Há um foco, que se acentua nesse segundo mandato do presidente, em uma política social centrada no Bolsa-Família, que é uma derivação do que foi desenvolvido pelos governos anteriores com uma dimensão quantitativa e geográfica maior. Com isso, em alguns estados, foi possível ampliar o sistema educacional. Além disso, o governo criou alguns programas, como o Universidade para Todos (ProUni), para aumentar o número de ingressos nas universidades. Isso é importante. Atualmente, o governo coloca o ensino básico como prioridade, com a seleção dos dois mil municípios com pior IDH para realizar uma política discriminatória positiva. Fazer isso significa incluir em uma sociedade democrática os que estavam historicamente excluídos. Esta é uma política extremamente importante e inteligente. Além disso, o país está avançando, também, em alguns aspectos tecnológicos, como a educação a distância, que é um instrumento muito importante e bem utilizado em países como a Inglaterra, Espanha e Colômbia. Ela não deve ser vista como uma formação universitária de segunda classe - desde que utilizada seriamente.

Em julho, aconteceram os Jogos Pan-Americanos no Rio de Janeiro, evento que reuniu todos os países do continente. Qual a importância de aliar o esporte à educação em países como estes, tão marcados por desigualdades sociais e falta de oportunidades?
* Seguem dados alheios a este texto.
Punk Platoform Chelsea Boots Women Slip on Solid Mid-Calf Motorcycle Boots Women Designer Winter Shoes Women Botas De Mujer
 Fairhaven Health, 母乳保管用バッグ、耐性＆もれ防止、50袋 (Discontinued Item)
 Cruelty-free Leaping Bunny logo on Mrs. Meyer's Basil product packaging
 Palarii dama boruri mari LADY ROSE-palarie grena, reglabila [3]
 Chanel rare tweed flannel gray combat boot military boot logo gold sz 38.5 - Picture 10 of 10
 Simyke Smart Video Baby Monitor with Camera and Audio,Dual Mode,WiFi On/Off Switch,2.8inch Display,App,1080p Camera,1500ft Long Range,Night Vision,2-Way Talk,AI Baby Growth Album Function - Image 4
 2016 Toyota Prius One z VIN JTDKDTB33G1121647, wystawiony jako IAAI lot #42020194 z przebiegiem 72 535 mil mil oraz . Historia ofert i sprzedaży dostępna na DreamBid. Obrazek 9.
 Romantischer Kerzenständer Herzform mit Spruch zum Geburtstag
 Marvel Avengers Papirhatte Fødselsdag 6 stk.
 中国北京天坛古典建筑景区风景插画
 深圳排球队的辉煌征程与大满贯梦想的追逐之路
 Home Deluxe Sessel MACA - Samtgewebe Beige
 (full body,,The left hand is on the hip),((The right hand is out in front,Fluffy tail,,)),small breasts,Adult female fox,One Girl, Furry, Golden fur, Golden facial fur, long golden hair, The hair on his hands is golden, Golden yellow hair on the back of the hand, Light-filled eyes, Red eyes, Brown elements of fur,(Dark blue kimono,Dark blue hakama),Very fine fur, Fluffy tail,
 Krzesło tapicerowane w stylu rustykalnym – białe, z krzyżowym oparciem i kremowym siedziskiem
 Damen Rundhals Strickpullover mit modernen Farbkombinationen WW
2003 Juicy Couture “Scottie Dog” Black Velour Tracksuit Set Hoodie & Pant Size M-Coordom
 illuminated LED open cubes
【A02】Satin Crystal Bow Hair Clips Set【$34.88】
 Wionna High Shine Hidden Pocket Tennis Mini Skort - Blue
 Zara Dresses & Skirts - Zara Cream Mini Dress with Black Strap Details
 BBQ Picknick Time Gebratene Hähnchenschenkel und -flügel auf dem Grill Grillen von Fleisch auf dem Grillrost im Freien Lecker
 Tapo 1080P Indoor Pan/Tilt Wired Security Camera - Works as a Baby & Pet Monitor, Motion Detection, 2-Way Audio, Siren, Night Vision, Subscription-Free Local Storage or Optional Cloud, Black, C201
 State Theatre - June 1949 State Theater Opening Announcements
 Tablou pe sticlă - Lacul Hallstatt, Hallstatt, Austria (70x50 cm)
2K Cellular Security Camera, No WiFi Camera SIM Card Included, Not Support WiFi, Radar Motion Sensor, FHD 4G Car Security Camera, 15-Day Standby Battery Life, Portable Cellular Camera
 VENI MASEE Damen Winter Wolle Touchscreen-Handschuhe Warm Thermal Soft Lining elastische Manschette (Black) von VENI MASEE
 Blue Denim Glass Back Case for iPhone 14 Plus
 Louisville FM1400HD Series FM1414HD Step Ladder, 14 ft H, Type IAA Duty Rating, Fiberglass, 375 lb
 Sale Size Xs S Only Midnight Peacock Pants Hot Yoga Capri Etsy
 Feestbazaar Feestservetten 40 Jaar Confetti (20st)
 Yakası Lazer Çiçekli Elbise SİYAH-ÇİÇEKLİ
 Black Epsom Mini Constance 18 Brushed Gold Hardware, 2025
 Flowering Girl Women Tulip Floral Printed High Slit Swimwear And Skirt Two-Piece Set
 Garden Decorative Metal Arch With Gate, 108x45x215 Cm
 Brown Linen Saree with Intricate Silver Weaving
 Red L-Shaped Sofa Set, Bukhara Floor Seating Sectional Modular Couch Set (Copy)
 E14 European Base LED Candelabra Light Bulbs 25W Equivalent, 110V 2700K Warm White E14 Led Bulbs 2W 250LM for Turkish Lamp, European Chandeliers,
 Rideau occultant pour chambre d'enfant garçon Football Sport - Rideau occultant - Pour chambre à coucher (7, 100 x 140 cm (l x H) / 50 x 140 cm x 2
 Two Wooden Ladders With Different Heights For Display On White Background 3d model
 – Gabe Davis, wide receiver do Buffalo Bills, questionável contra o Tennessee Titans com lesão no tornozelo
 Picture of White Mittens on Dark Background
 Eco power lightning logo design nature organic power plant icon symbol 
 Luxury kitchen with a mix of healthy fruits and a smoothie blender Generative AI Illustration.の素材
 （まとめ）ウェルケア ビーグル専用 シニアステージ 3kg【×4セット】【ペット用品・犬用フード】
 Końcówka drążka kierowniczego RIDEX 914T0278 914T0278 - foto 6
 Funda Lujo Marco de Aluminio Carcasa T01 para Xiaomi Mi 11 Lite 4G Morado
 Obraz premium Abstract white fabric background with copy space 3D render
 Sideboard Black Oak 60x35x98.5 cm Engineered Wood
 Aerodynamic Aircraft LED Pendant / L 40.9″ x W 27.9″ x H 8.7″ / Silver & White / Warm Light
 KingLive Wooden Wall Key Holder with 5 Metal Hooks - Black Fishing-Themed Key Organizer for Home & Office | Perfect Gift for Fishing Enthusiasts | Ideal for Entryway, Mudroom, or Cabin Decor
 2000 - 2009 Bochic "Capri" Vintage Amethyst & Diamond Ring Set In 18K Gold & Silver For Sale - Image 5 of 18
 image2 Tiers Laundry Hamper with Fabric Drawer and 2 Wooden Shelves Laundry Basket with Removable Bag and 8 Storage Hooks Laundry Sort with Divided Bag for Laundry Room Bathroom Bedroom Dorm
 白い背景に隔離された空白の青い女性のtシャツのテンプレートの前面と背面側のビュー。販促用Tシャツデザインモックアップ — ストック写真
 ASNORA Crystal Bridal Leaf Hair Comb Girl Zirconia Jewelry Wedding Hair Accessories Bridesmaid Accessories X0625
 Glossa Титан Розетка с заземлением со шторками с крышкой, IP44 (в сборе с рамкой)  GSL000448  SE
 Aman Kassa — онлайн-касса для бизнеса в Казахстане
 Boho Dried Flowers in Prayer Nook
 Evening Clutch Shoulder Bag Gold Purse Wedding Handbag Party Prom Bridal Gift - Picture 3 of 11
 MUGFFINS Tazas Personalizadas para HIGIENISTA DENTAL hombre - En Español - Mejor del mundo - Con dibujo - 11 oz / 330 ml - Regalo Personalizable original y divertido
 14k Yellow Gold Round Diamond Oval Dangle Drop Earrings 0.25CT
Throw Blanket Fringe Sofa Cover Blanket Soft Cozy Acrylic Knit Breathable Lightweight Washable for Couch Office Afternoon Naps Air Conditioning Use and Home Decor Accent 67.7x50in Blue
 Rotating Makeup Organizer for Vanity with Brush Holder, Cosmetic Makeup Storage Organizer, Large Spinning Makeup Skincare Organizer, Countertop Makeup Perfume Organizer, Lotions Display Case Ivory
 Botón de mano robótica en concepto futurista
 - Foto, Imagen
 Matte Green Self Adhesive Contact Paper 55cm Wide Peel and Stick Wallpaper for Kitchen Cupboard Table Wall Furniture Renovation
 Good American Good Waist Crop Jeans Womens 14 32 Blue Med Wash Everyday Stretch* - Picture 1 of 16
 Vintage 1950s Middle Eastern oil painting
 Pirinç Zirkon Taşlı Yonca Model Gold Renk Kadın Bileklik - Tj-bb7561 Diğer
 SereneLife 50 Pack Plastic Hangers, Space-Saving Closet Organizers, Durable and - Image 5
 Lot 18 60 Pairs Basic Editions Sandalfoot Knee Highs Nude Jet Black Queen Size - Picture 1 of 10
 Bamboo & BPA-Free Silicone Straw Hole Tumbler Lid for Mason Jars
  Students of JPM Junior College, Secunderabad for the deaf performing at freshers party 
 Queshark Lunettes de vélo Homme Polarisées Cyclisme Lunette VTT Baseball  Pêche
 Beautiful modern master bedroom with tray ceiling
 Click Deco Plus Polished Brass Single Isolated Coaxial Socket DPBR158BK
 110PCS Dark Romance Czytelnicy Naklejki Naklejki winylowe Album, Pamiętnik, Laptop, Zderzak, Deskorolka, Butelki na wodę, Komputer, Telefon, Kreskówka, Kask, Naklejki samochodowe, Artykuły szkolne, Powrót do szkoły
É enorme. Alguns países sempre dedicaram grande atenção ao esporte como forma de integração na sociedade e como um complemento ao processo educacional. São países que lideram as competições, como Estados Unidos e Cuba. Os outros países da América Latina, lamentavelmente, não dão ao esporte a importância que ele deveria ter. Porém, aí encontramos o caso brasileiro, que sempre surpreende. Aqui não há um grande desenvolvimento sistemático para favorecer a prática de esportes. Não há a preocupação em criar futuros atletas, que seriam figuras importantes de identificação para crianças e adolescentes. Apesar disso, o Brasil se saiu muito bem no Pan-Americano, seja em esportes em conjunto, como o vôlei, ou individuais, como a natação. A partir disso, é preciso questionar porque há esta contradição. Se temos um recurso humano tão fantástico, por que não investir nele? O retorno é altíssimo.